Some believe there is an unwritten rule that mandates when someone chooses to follow your tweets, you should automatically follow their tweets.

Twitter can be a great way to develop a community, get your news, and generate traffic for your blog. … It just seems like common courtesy to follow those who follow you, but does this result in information overload?
[Michael Kwan]

First off, is mutual or reciprocal following the predominant behaviour? I think so, though I haven’t seen any empirical data or surveys on the subject. I receive an occasional coolly-worded tweet from somebody on Twitter that implies that I should be following them presumably because they’re following me.
[Darren Barefoot]

I take a decidedly lightweight approach to social media. If I haven’t met you or don’t know you personally, I’m not likely to add you as a friend or follow you. I currently follow about 200 people on Twitter and it’s still too much.
[Lee Lefever]

Follower count doesn’t matter. What matters is who you follow.
[Chris Brogan]

Robert Scoble has called Twitter the World Wide Talk Show, and while he may find it effective to auto-follow each and every person who adds him to their feeds, there are those of us who appreciate some signal in their noise.

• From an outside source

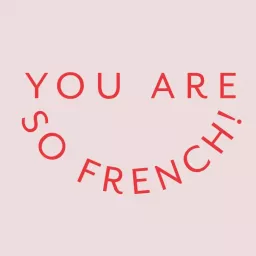 You are so French! Success stories à la Française Podcast artwork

I treat Twitter as a news source. I follow influencers, be they local or international. The people I follow on Twitter add value to my feed and give me information I can use. I would hope people add me based on that reason as well.

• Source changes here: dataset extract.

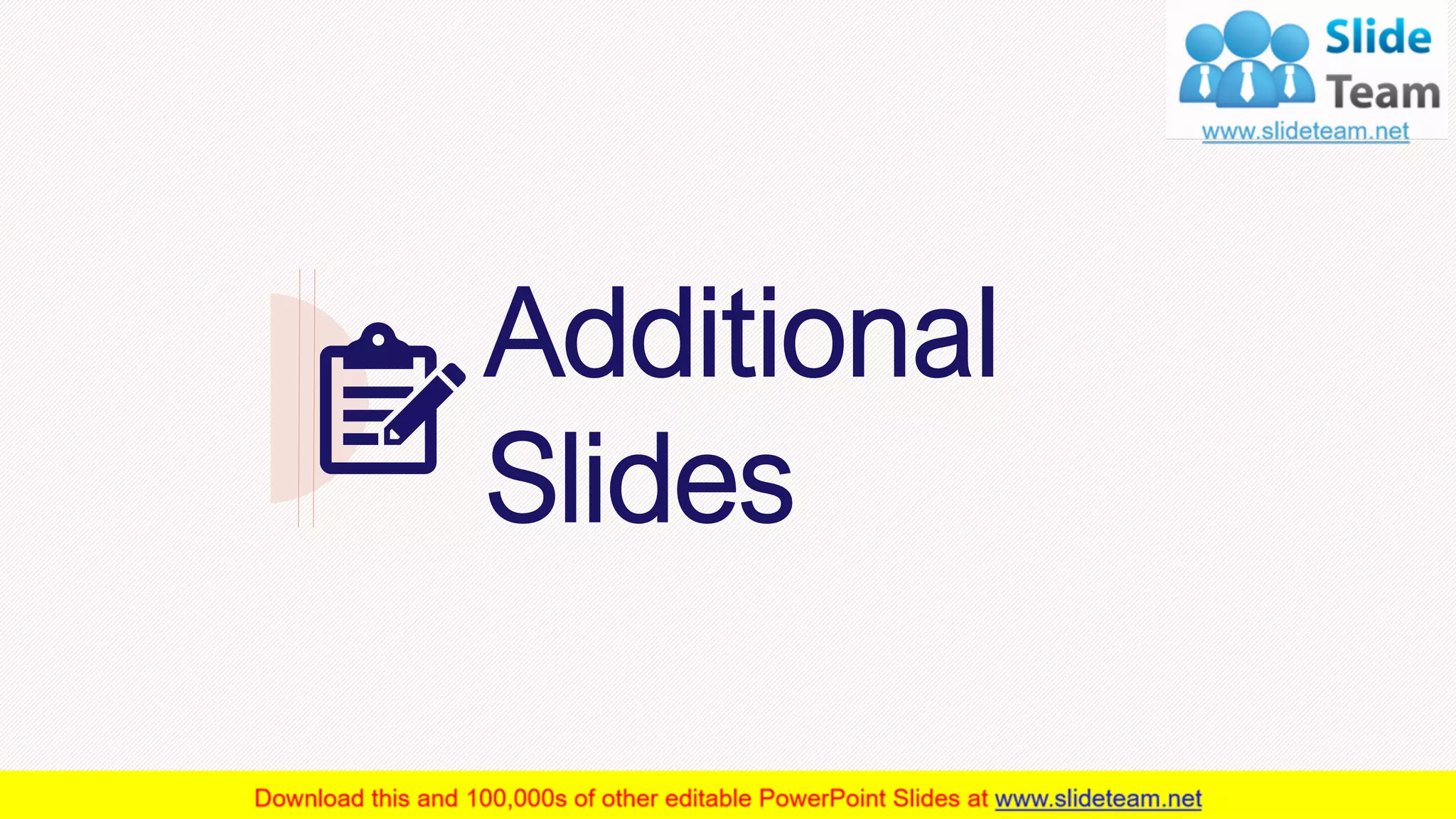 29
Additional
Slides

To paraphrase what Brogan says – it’s not about me, it’s about you. If I think you’re valuable, I’ll follow you – if you think I’m valuable, you’ll follow me. The two are mutually exclusive.

I follow Kevin Rose because I find it interesting to read about the adventures of a dot com entrepreneur. He probably wouldn’t find it interesting to follow the travails of a radio dj and media junkie in Vancouver. He adds value to me, I don’t add value to him.

And there’s no harm in that.

The problem I have with Facebook is the moment I allow someone to follow me, Facebook reciprocates the follow and my feed gets inundated with their information, photos, invites, groups and status updates. Being a public figure, I can’t really lock down the Facebook profile for fear of missing an opportunity to reach and out and communicate with my audience.

Twitter, however, lets me lock down the messages I read while allowing me to broadcast and communicate to as large an audience as possible.

Facebook is a wide community with everyone yelling and screaming at the same time and becomes difficult to follow. Twitter lets you manage the noise in your signal for a much more useful experience.

Twitter has leaders and followers. We all follow leaders, but leaders don’t necessarily need to follow the followers.

And there’s nothing wrong with that.